The Indian Wells champions notched their ninth consecutive match victory in the semifinals of the Miami Open on Friday, squeaking past the wild card team of Victoria Azarenka and Ashleigh Barty, 7-6(6), 7-5, in an hour and 40 minutes of tense action.

Read more: Mertens, Sabalenka match energies as Sunshine Double edges closer

Mertens chalked up their latest victory to their ever-increasing workload. "We’ve played, of course, a lot of doubles matches these last couple of weeks, so I think that really was the key for us," said the Belgian. "To know what we’re doing, when to switch, and even to pump each other up when it was getting tighter."
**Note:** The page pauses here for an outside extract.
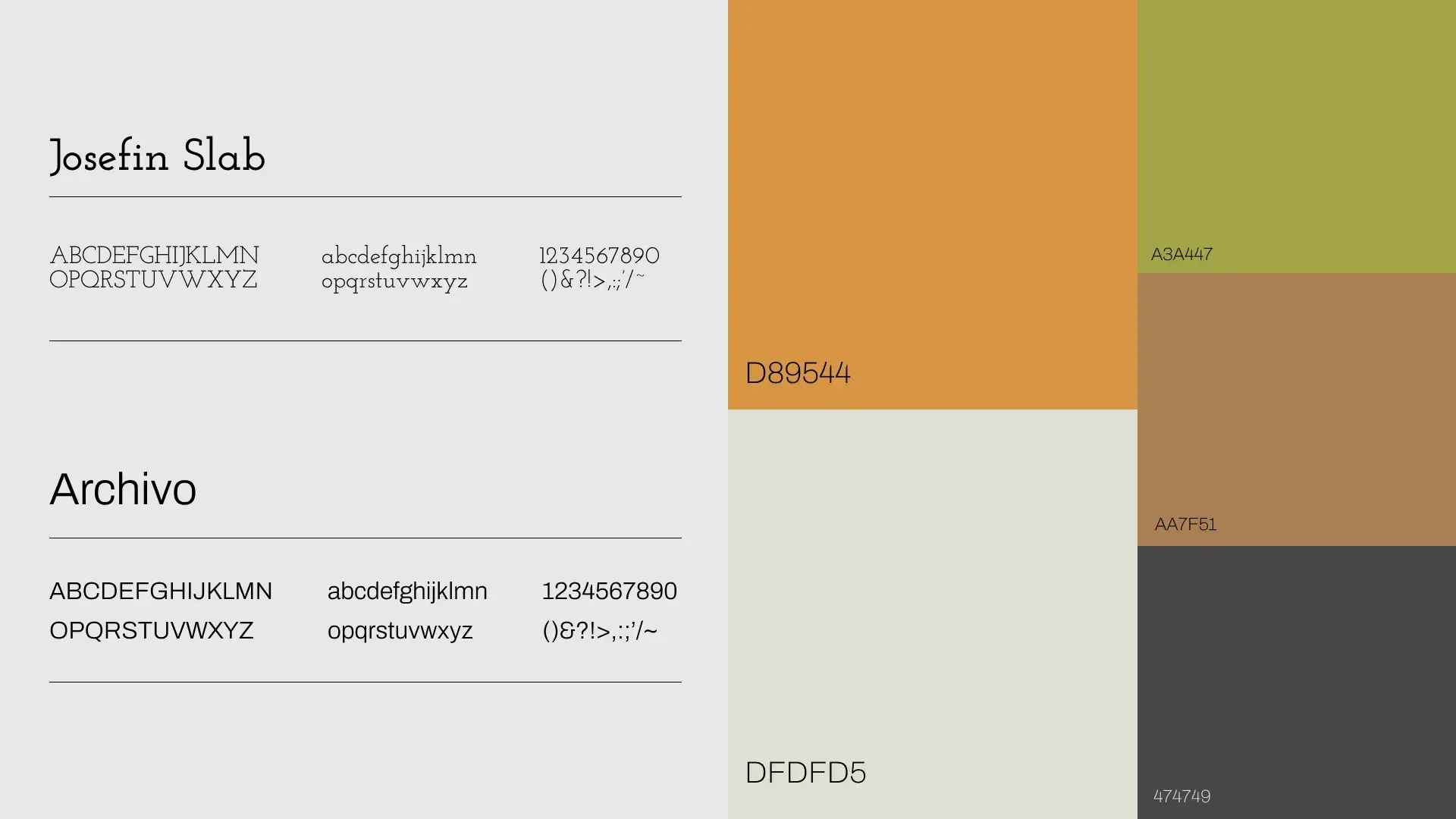 Stone & Honey typography (Josefin Slab, Archivo) and color palette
"Of course we were playing against two great players, Barty’s still in singles," Mertens continued. "It was a really tough match."

Mertens admitted that completing the 'Sunshine Double' of winning Indian Wells and Miami back-to-back would mean "a lot" to her and her Belarusian partner. "Singles or doubles, for me it doesn’t matter -- a title is a title. Of course, if we have the opportunity, I really hope we take it."
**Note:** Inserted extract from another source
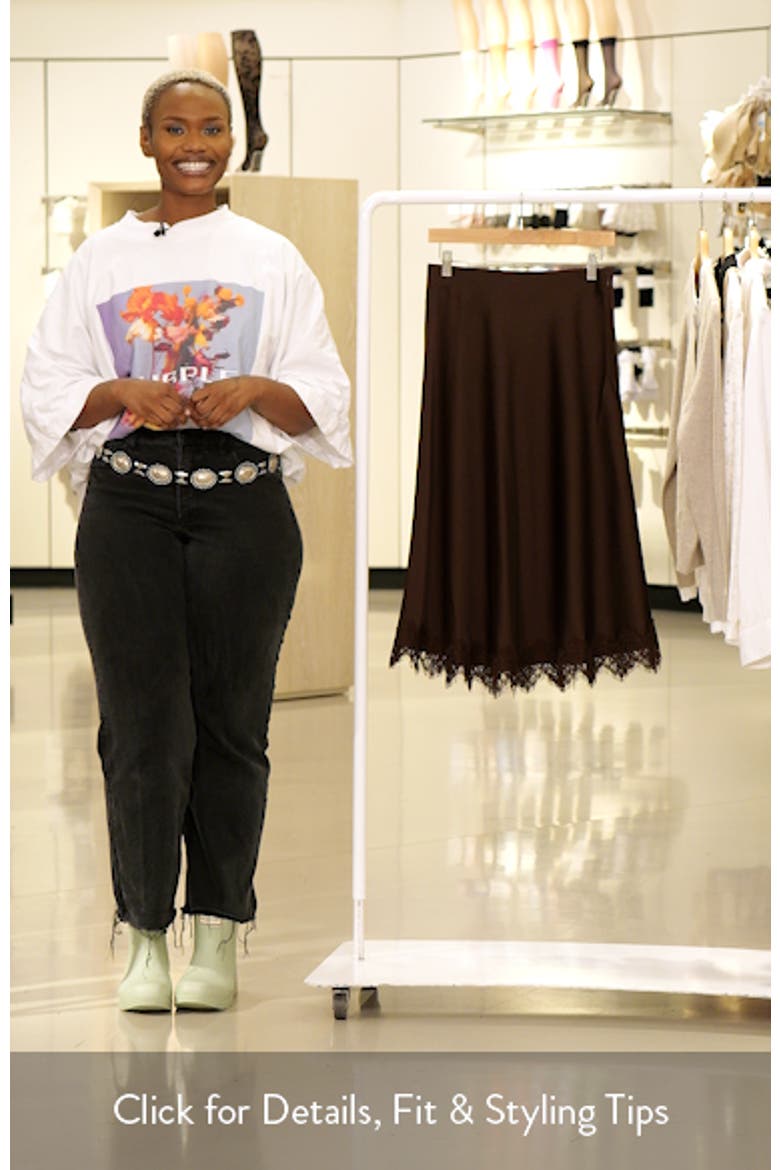 Lace Trim Satin Skirt video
To take it, Mertens and Sabalenka will have to defeat reigning Australian Open champions Samantha Stosur and Zhang Shuai in the final. No.6 seeds Stosur and Zhang overcame the 8th-seeded Chan sisters, Hao-ching and Latisha, 6-7(6), 7-5, [10-5], in a tight semifinal battle that took nearly two hours on Friday night.

In the first semifinal, Azarenka and Barty raced out to a 3-0 lead before Mertens and Sabalenka won three games in a row to level the set at 3-3. Barty then led her team to another break and a 4-3 lead, but at 5-4, Azarenka was unable to serve out the set, as a Sabalenka backhand pass queued up break point, and Azarenka double faulted to cede her team’s advantage. 
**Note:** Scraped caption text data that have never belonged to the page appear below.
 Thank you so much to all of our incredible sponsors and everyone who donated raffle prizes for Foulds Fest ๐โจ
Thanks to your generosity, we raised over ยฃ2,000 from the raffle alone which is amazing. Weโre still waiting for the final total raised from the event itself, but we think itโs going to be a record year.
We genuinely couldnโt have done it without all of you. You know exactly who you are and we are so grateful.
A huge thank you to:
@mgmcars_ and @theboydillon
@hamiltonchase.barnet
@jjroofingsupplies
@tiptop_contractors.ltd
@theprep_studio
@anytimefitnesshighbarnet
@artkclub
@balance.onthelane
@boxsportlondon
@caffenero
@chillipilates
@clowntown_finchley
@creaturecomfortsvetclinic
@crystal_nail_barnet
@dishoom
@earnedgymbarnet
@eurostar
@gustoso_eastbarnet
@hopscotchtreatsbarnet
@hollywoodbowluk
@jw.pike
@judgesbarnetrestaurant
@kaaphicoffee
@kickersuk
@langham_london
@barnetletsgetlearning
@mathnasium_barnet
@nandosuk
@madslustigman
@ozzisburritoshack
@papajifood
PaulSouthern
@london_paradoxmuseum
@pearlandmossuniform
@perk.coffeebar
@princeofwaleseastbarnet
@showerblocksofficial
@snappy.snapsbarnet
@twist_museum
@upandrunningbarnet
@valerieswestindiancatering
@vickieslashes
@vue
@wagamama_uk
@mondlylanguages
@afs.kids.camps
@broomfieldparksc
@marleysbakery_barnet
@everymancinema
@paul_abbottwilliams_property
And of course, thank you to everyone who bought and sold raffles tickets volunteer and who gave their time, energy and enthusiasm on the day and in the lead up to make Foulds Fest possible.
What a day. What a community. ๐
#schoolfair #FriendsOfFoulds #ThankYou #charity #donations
The teams advanced to the tiebreak, where a long volley by Barty gave Mertens and Sabalenka a 6-3 lead and three set points. All three were saved, the third with a Barty overhead, but the Australian ended a rally with a netted forehand, setting up a fourth set point. There, powerful groundstrokes by Sabalenka helped her team close out the tiebreak 8-6.

Azarenka dropped her serve in her first service game of the second set, giving Sabalenka and Mertens the early break, which they held onto through 5-4. With Sabalenka serving for the match, her team saved three break points from 0-40, setting up deciding point, which was also match point. But Sabalenka sent a forehand long, letting Azarenka and Barty level at 5-5.

But Sabalenka rebounded, crushing more powerful groundstrokes to lead her team to another break of the Azarenka serve and a 6-5 lead. Mertens took a turn to serve out the match, and quickly reached triple match point. Azarenka ended a rally with a long backhand on the first match point of that game, giving Mertens and Sabalenka another win.

In the late semifinal, Stosur and Zhang exchanged breaks with the Chan sisters three times before advancing to the tiebreak, with Hao-ching sticking a volley to stave off a set point at 5-4. The Chans survived three more set points in the tiebreak, punching volley winners with ease to reel off the final five points and steal the first set from 3-6 down in the breaker.

The sisters hailing from Chinese Taipei held an early break at 2-0 in the second before a Zhang overhead allowed her team to break right back for 2-1. The teams stayed on serve until 5-5, when Stosur crushed a return winner down the line on deciding point to break for 6-5. Zhang then held serve to level the match at one set apiece and bring up a match tiebreak.

Stosur brought her game to an exceptional level in the match tiebreak, blasting three return winners in the first nine points, then slamming an ace to lead 7-4. Zhang fired a fierce forehand to reach 8-4, and the Australian/Chinese team reached match point at 9-5 after a winning backhand volley by Stosur. There, a netted return from Latisha Chan ended the engrossing encounter.